Satyre au repos (anapauomenos)

Praxitèle
statue de Satyre au repos, copie d'Hadrien. Rome, Musées du Capitole S 739.

Le type de Satyre au repos (Rome, musées capitolins S 739), caractérisé par une position particulièrement instable et équipés de support latéral nécessaire, pourrait correspondre au type Pline (Nat. hist., ΧΧΧΙV, 69) appels satyre periboetos, à savoir particulièrement connue[5] il connu par un très grand nombre de pièces de théâtre en Italie, en Grèce, en Afrique du Nord et en Asie Mineure.
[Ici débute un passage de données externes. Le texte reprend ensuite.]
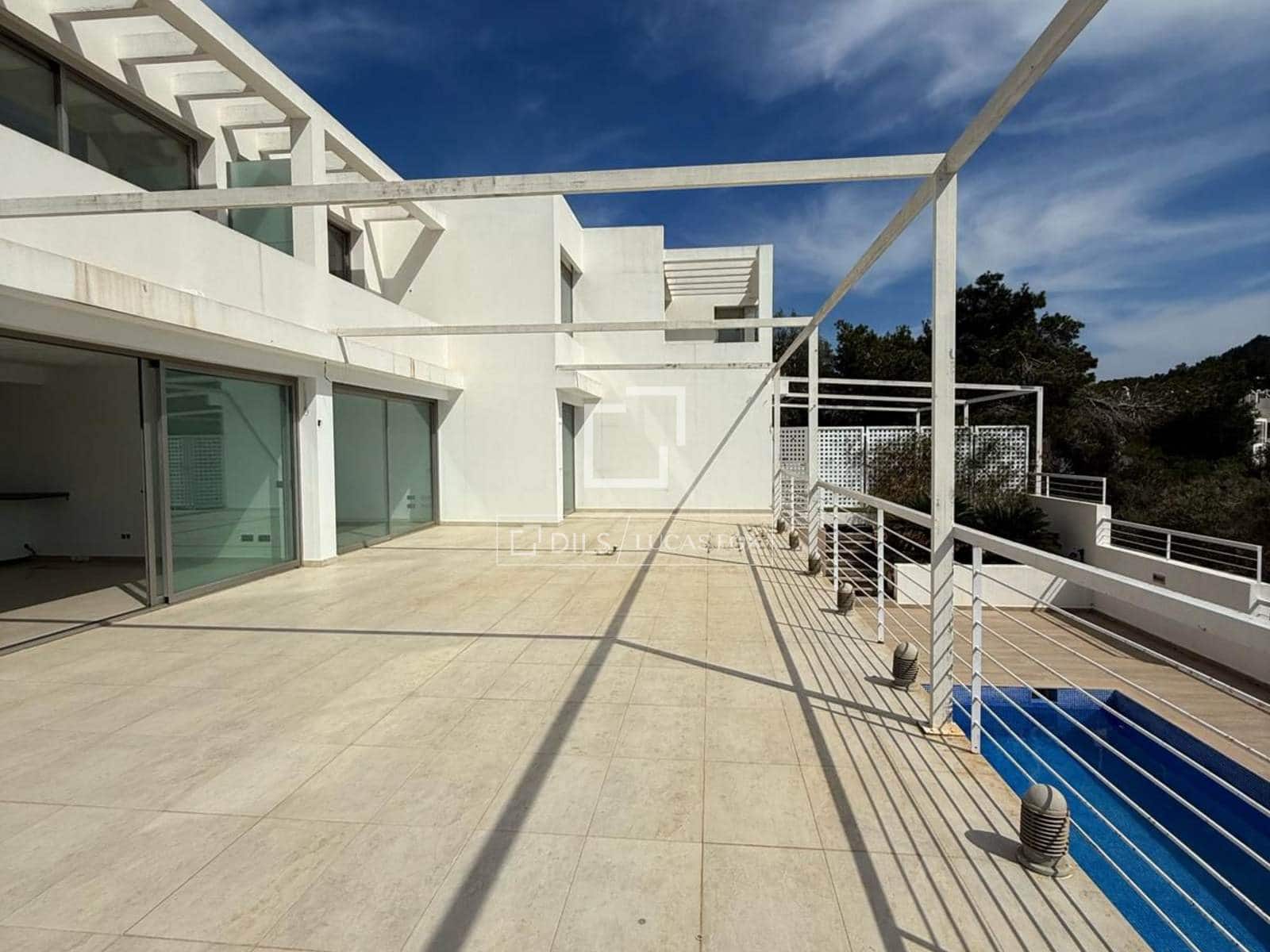 8 slaapkamer Villa te koop in Santa Eulalia / Santa Eularia met garage - € 3.700.000 (Ref: 9921453)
Il a été attribué à Praxitèle essentiellement pour l'affinité stylistique avec l'Olympia Hermes.[13]

style

La particularité attribuée par une tradition critique maintenant l'art profane Praxitèle sont généralement indiqués dans la douceur de la modélisation du statues marbre, caractérisé par une sorte de langueur, l'épuisement et l'abandon. Ces caractéristiques sont en fait les propriétaires Hermes d'Olympia et des pouvoirs à des types sculpturaux Praxitèle répandus à l'époque romaine ont été faites sur la base des connexions stylistiques à cette statue; que dans certains cas, ils sont pris en charge par des références littéraires. Ces pouvoirs peuvent être mentionnés presque tous les personnages masculins, cupidons, satyres, l 'Apollo Sauroctone et l 'Apollo Licio ou lycée.[14]
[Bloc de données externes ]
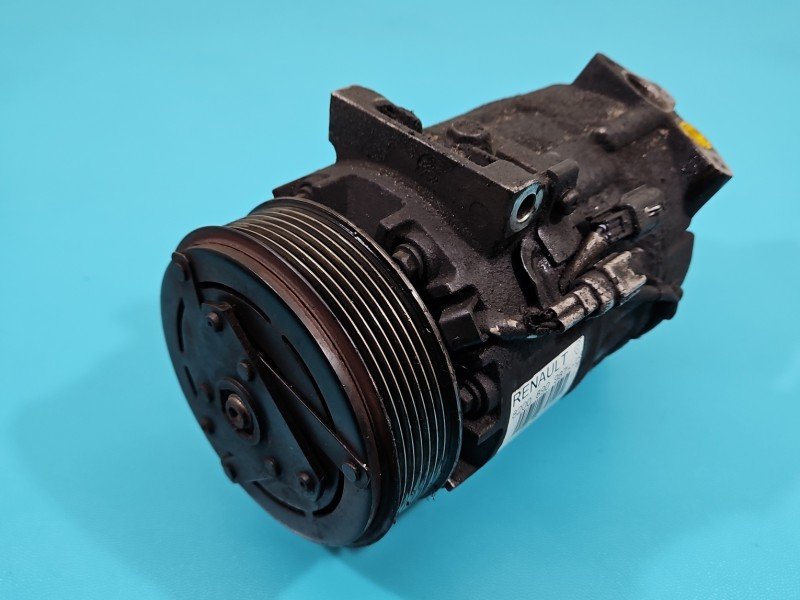 Sprężarka klimatyzacji kompresor Renault Laguna III 8200890987C Sprężarka klimatyzacji kompresor Renault Laguna III 8200890987C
Dans ces travaux, le centre de gravité de la figure se déplace d'un côté, ce qui rend le marbre nécessaire en présence des œuvres de soutien. Par rapport à Doriforo de Policleto (Vème siècle avant JC), Maître de l'équilibre, il fait face à un changement fondamental, qui présente la nouvelle tendance artistique; en même temps l'expansion de la figure dans l'espace semble rester dans le frontal sans impliquer la profondeur en trois dimensions.[15]

notes

  1. ^ Ajootian 1996, p. 98.
  2. ^ Richter 1969, p. 79.
  3. ^ Claude Vatin, Les Danseuses de Delphes, en Comptes-Rendus des séances de l'Académie des Inscriptions et Belles-Lettres, vol. 127, nº 1, 1983, pp. 26-40, DOI:10,3406 / crai.1983.14014, ISSN 0065-0536.
  4. ^ Kaltsas 2002, p. 242.
  5. ^ à b c cours 1996,  dans les CEA, sous vide, Praxitèle.
  6. ^ Le British Museum, Aberdeen Head, britishmuseum.org. Récupéré le 11 Mars, 2013.
  7. ^ Kaltsas 2002, p. 265.
  8. ^ Ajootian 1996, p. 122.
  9. ^ Ajootian 1996, pp. 113-116.
  10. ^ Ajootian 1996, pp. 98-103.
  11. ^ Carl Blümel, Griechische Bildhauerarbeit, Berlin, 1927, p. 37-48.
  12. ^ Ajootian 1996, pp. 103-109.
  13. ^ Ajootian 1996, p. 116.
  14. ^ Ajootian 1996, p. 109.
  15. ^ Ajootian 1996, p. 128.

bibliographie

  • Luigi Todisco, Praxitèle d'Athènes. Sculpteur et sculpteur de bronze du IVe siècle, Rome, Giorgio Bretschneider, 2017, pp. 148 + 26 tableaux illustrés, ISBN 978-88-7689-301-8.
  • Gisela M. A. Richter, art grec, Turin, Einaudi, 1969.
  • Aileen Ajootian, Praxitèle, dans Olga Palagia; Jerome Jordan Pollitt (ed) Styles personnels dans la sculpture grecque, Cambridge, Cambridge University Press, 1996.
  • Antonio Corso, Praxitèle, en Encyclopédie art oriental classique et ancienne: Selon supplément, Roma, Institut de l'Encyclopédie italienne, 1996.
  • Nikolaos Kaltsas, Sculpture dans le musée archéologique national, Athènes, Los Angeles, J. Paul Getty Museum, 2002 ISBN 0-89236-686-9.